## EXERCISE DATA
■ ■ ■

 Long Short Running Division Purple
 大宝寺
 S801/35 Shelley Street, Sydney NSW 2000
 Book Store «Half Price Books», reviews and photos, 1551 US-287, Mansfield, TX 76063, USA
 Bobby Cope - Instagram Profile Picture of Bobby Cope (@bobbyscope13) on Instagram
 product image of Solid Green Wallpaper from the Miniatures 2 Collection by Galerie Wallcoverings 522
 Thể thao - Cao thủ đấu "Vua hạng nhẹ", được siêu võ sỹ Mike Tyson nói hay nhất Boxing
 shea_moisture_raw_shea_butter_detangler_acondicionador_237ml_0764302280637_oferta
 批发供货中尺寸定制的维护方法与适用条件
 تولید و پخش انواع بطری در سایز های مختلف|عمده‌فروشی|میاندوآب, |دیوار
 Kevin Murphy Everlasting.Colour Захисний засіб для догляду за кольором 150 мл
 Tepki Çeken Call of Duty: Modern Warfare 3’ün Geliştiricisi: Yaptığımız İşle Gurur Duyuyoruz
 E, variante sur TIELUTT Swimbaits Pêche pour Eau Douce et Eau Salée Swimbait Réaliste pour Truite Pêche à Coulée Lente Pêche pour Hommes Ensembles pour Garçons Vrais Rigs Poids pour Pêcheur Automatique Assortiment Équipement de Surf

■ ■ ■

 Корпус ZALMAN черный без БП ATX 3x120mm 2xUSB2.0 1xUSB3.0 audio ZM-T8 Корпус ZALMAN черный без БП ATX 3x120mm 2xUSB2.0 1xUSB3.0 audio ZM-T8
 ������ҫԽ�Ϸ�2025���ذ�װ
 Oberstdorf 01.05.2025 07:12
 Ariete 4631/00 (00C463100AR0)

■ ■ ■

From the entries above, write out only the lines starting at the line that holds "Long Short Running Division Purple" and ending at the line that holds "product image of", keeping both and matching them exactly.

 Long Short Running Division Purple
 大宝寺
 S801/35 Shelley Street, Sydney NSW 2000
 Book Store «Half Price Books», reviews and photos, 1551 US-287, Mansfield, TX 76063, USA
 Bobby Cope - Instagram Profile Picture of Bobby Cope (@bobbyscope13) on Instagram
 product image of Solid Green Wallpaper from the Miniatures 2 Collection by Galerie Wallcoverings 522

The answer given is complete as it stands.